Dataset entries
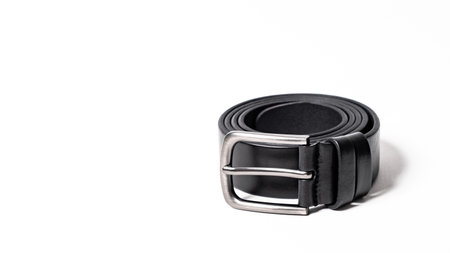Twisted black leather belt with matted metal buckle isolated on white background. Fastened fashionable unisex, man or woman accessory for trousers, jeans, dress. Male luxury strap. Haberdashery goods.の写真素材
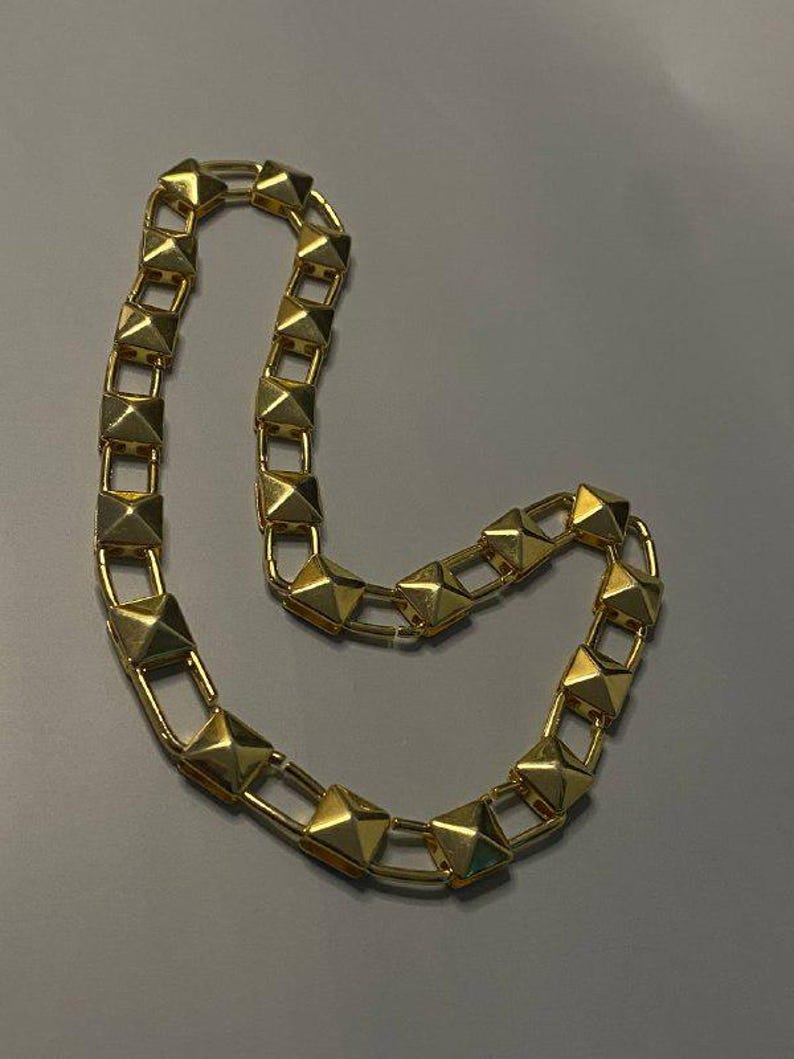 May include: A gold-toned chain necklace featuring a series of repeating square pyramid-shaped studs linked together by thin metal bars. The necklace has a polished, reflective finish and is arranged in a curved, open-ended loop shape.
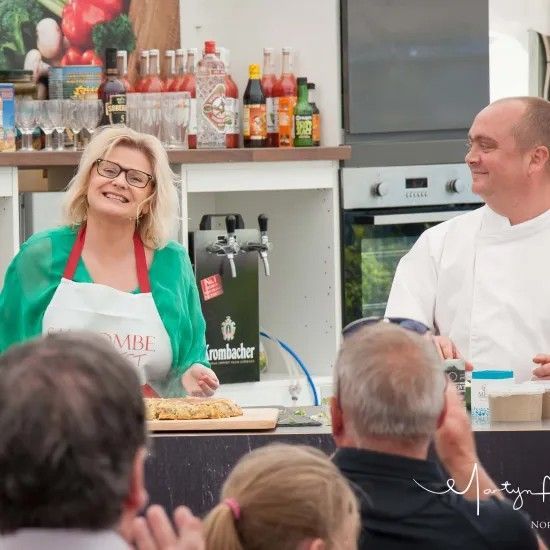 Woman in glasses and man in chef's whites at a cooking demonstration. Smiling, apron, food on counter, crowd in front.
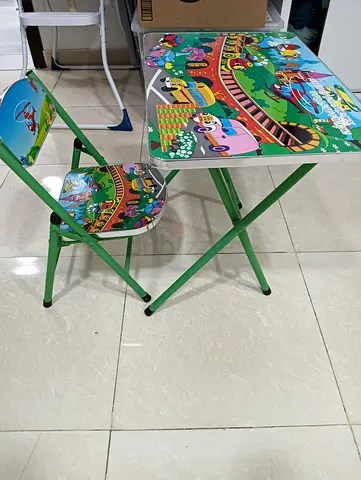 Kids foldable table and chair set with colorful train print - good condition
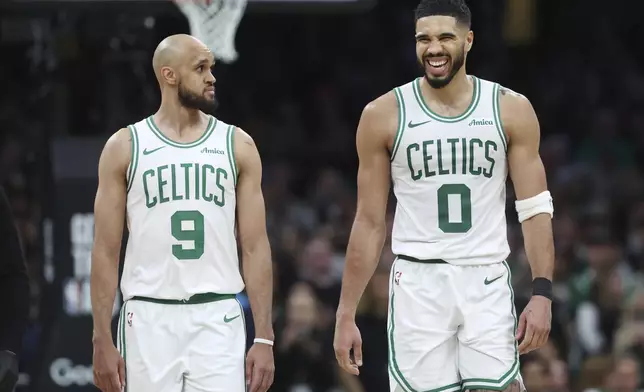 Boston Celtics' Jayson Tatum (0), right, reacts beside Derrick White after falling on a flagrant fowl by Orlando Magic's Kentavious Caldwell-Pope during the second half in Game 1 of a first-round NBA playoff basketball series Sunday, April 20, 2025, in Boston. (AP Photo/Michael Dwyer)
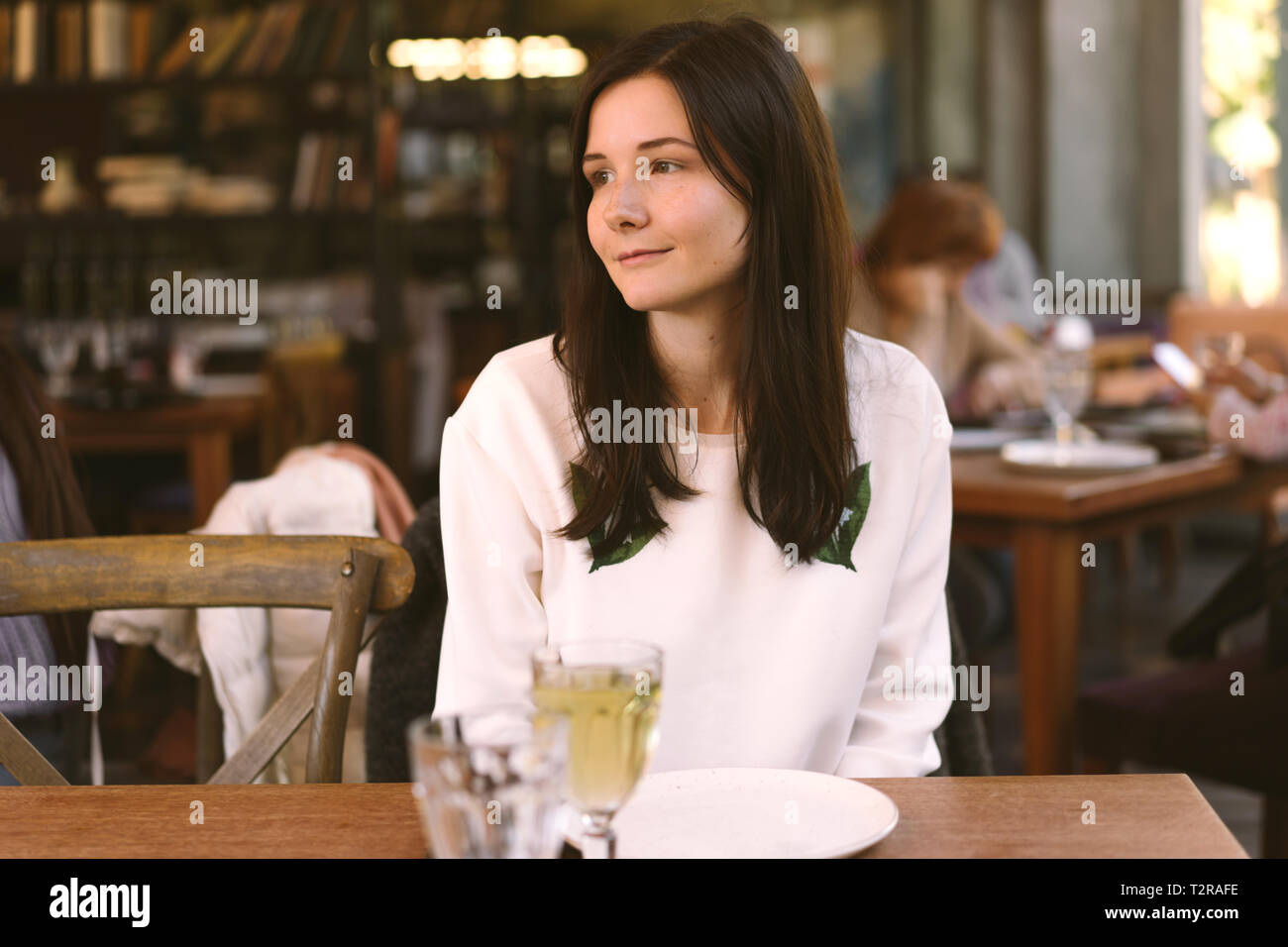 Pretty Woman gustando un pasto in un ristorante accogliente Foto Stock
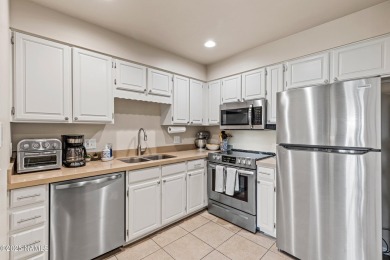 Welcome to your stunning remodeled 1-bedroom, 1-bathroom condo on Continental Country Club in Arizona - for sale on GolfHomes.com, golf home, golf lot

◆ Exercise requirements
Give the data again exactly as it stands, apart from the pictures.

◆ Solution to the exercise
Twisted black leather belt with matted metal buckle isolated on white background. Fastened fashionable unisex, man or woman accessory for trousers, jeans, dress. Male luxury strap. Haberdashery goods.の写真素材
 May include: A gold-toned chain necklace featuring a series of repeating square pyramid-shaped studs linked together by thin metal bars. The necklace has a polished, reflective finish and is arranged in a curved, open-ended loop shape.
 Woman in glasses and man in chef's whites at a cooking demonstration. Smiling, apron, food on counter, crowd in front.
 Kids foldable table and chair set with colorful train print - good condition
 Boston Celtics' Jayson Tatum (0), right, reacts beside Derrick White after falling on a flagrant fowl by Orlando Magic's Kentavious Caldwell-Pope during the second half in Game 1 of a first-round NBA playoff basketball series Sunday, April 20, 2025, in Boston. (AP Photo/Michael Dwyer)
 Pretty Woman gustando un pasto in un ristorante accogliente Foto Stock
 Welcome to your stunning remodeled 1-bedroom, 1-bathroom condo on Continental Country Club in Arizona - for sale on GolfHomes.com, golf home, golf lot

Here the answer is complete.